### Stored data
-- Opening Marker --

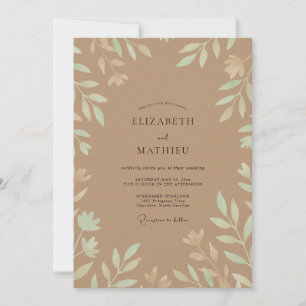 Convite Casamento com Folhas em Tom de Taupe e Hortelã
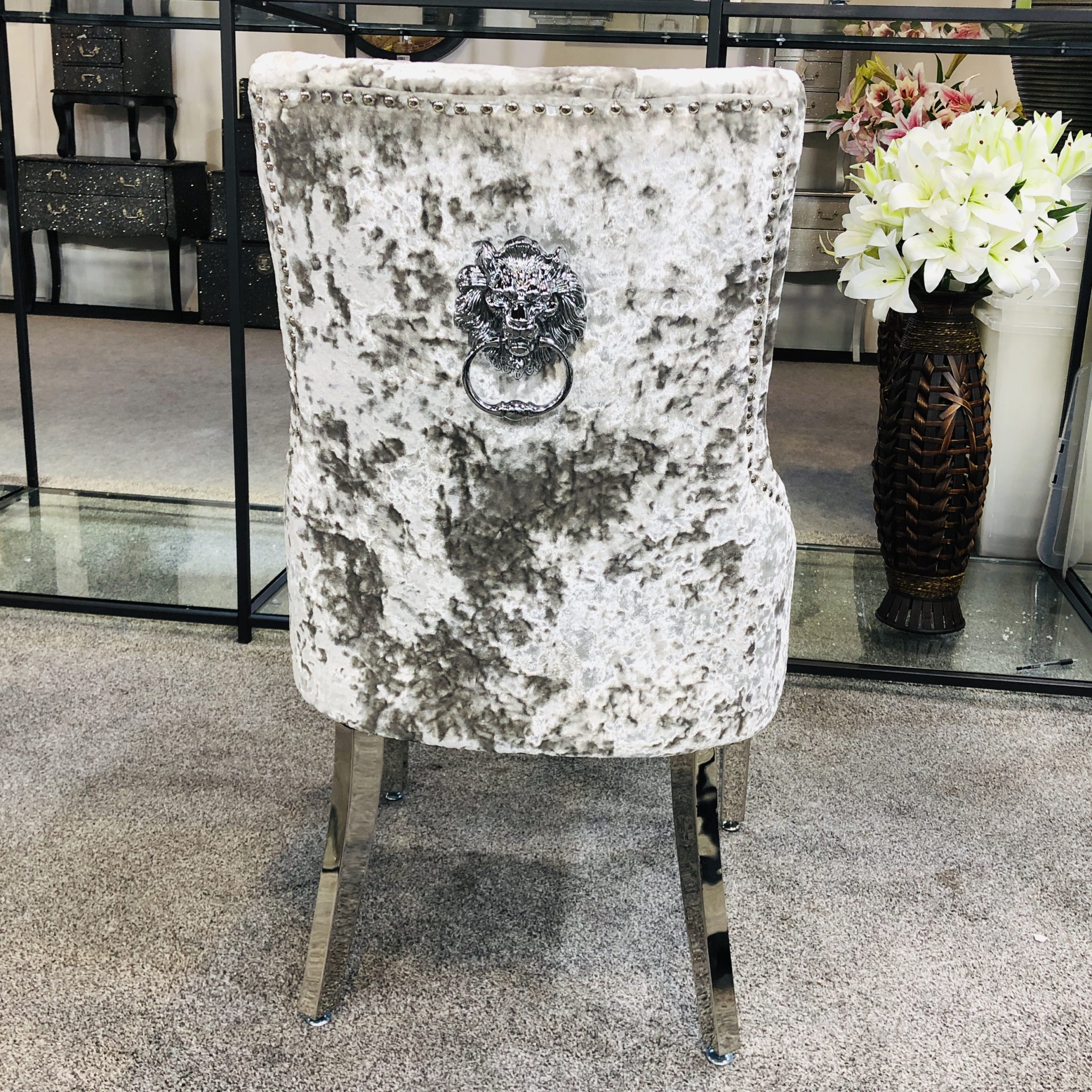 Majestic Premium Crushed Velvet Silver Dining Chair ASR Interiors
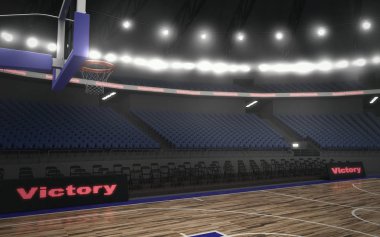 Kapalı basketbol Stadyumu ışıkları ile 3D render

-- Closing Marker --

### Problem requirements
In the listing above, transcribe exactly the lines from the line containing "Majestic Premium Crushed" through the last one, both included, but not the pictures.

### Your response
 Majestic Premium Crushed Velvet Silver Dining Chair ASR Interiors
 Kapalı basketbol Stadyumu ışıkları ile 3D render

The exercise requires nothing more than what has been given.